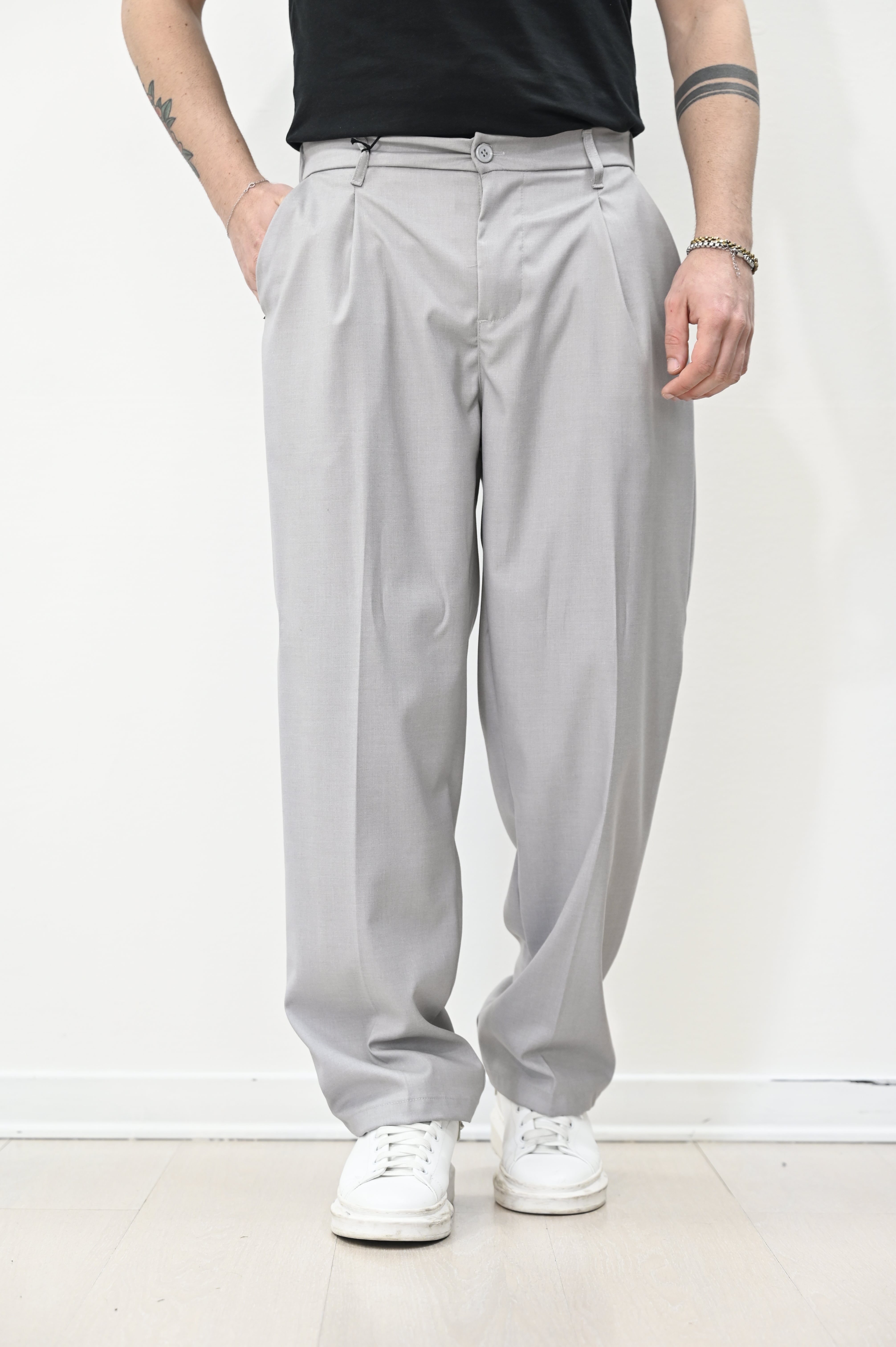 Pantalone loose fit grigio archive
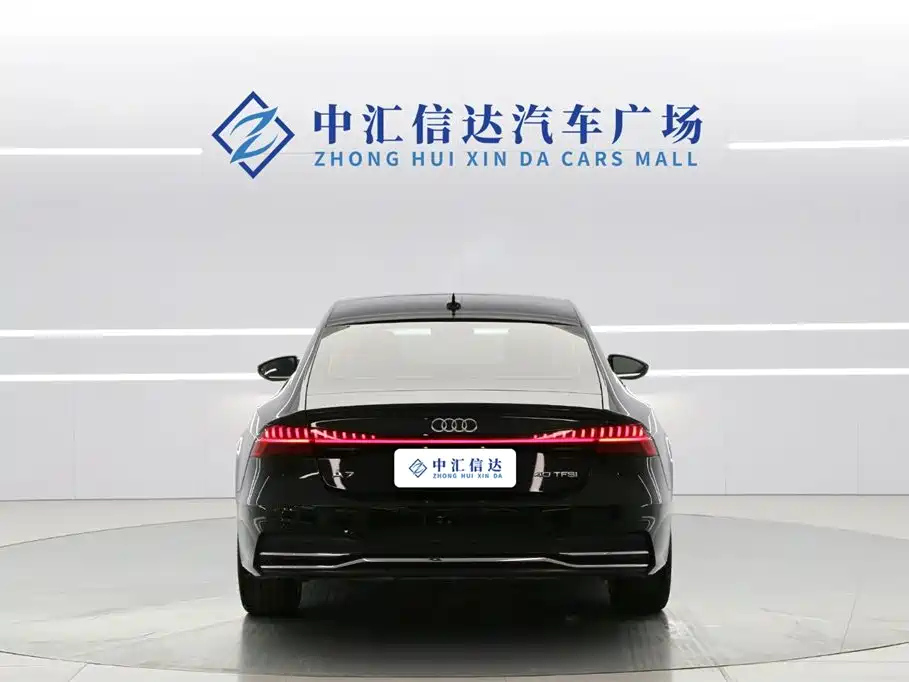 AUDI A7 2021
...
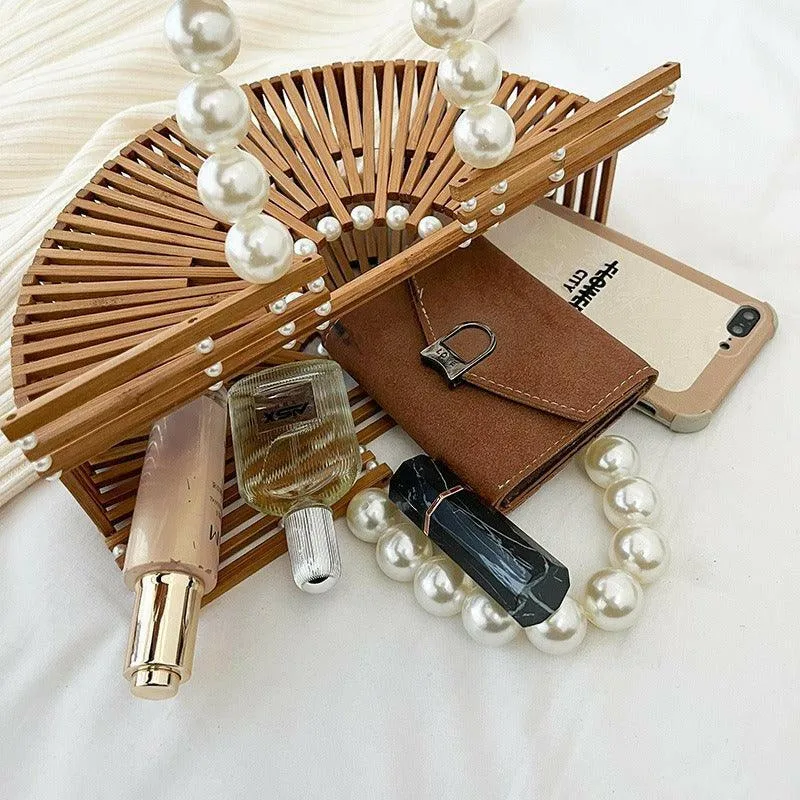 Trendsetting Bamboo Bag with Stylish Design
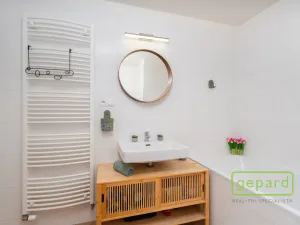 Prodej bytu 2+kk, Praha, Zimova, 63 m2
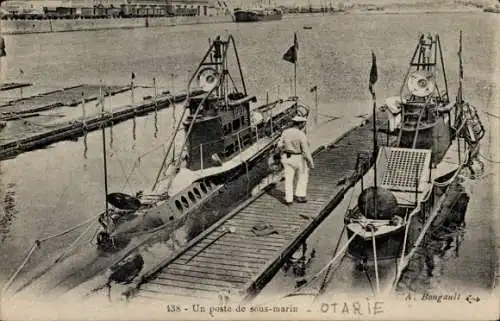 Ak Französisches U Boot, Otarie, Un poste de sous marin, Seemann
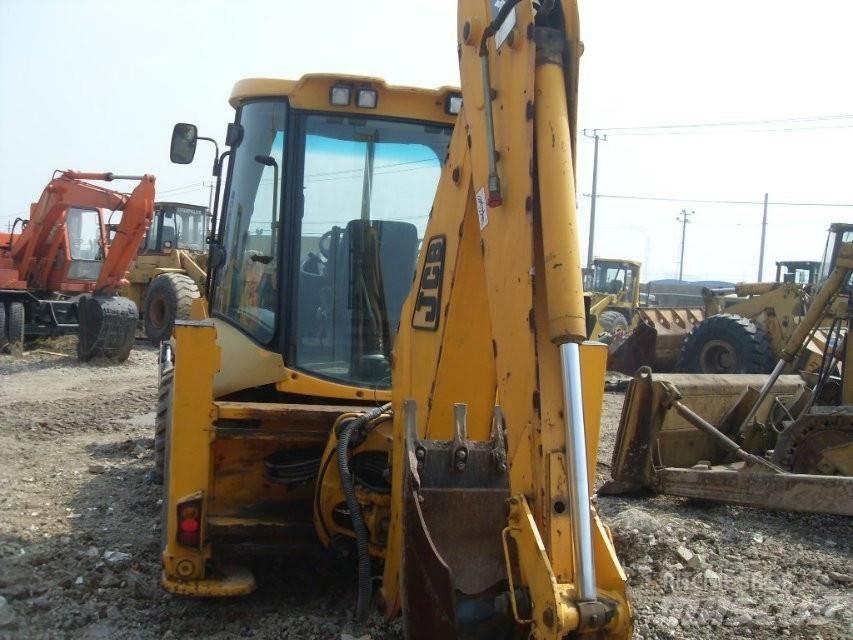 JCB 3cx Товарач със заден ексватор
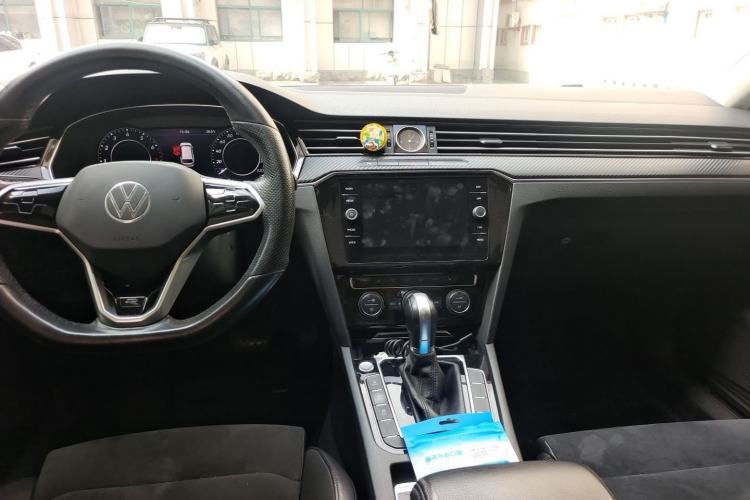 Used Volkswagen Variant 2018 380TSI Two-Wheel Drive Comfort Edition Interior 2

- **WHAT THE TASK ASKS**: Write out exactly the run of lines above that starts at the line containing "Pantalone loose fit grigio archive" and ends at the line containing "AUDI A7 2021". Include both, and leave the pictures out.

- **SOLUTION FOR THIS TASK**:
 Pantalone loose fit grigio archive
 AUDI A7 2021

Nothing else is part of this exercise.